(Raw data)
• • • • •
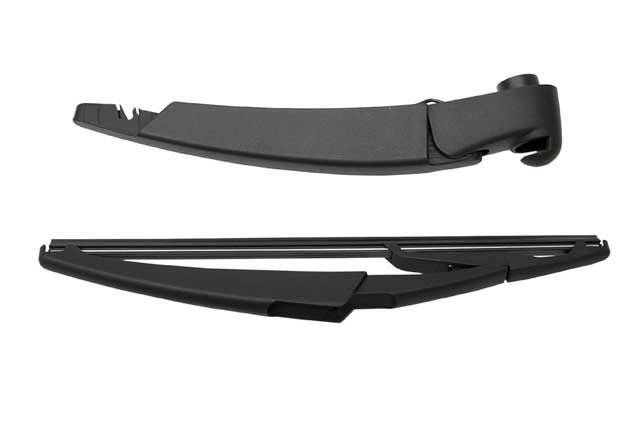 VAICO Windshield Wiper Arm Kit - V20-2474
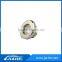 Bock FKX40 Compressor Oil Sight glass (FK40-655/560/470/390)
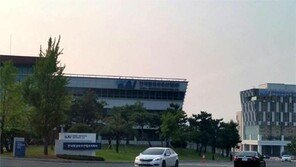[현장속으로]SPP조선 이어 KAI까지…  먹구름 가득한 사천경제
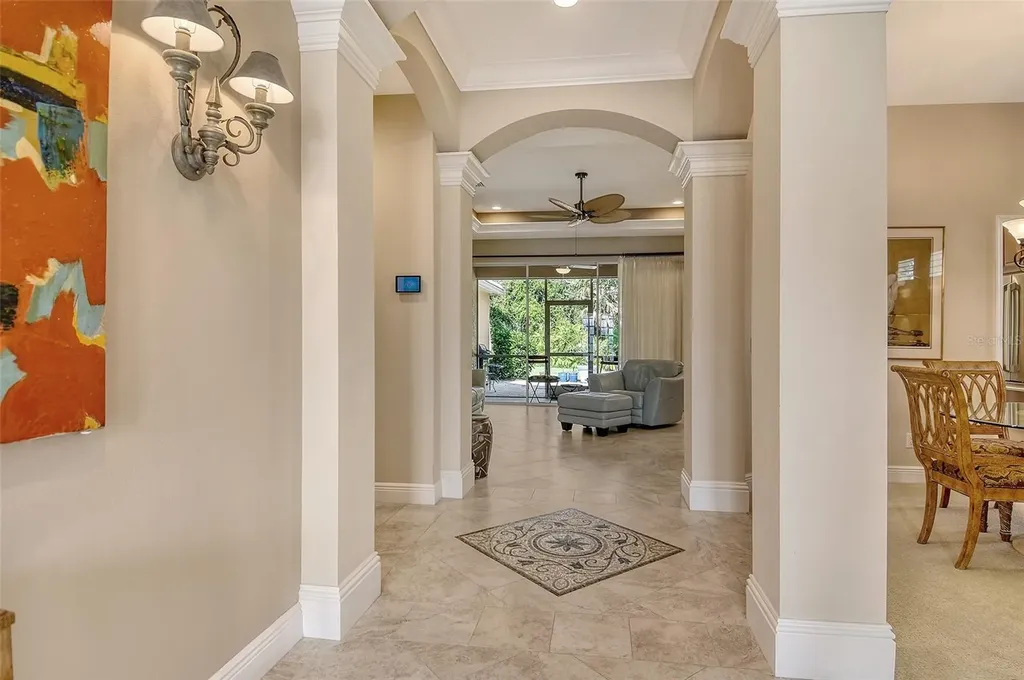 9032 Willow Brook Drive Sarasota FL 34238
• • • • •
Counting the line with "Bock FKX40 Compressor" and the last line of the data above, transcribe those two lines and every line between them exactly, without the pictures.

(Result of the exercise)
 Bock FKX40 Compressor Oil Sight glass (FK40-655/560/470/390)
[현장속으로]SPP조선 이어 KAI까지…  먹구름 가득한 사천경제
 9032 Willow Brook Drive Sarasota FL 34238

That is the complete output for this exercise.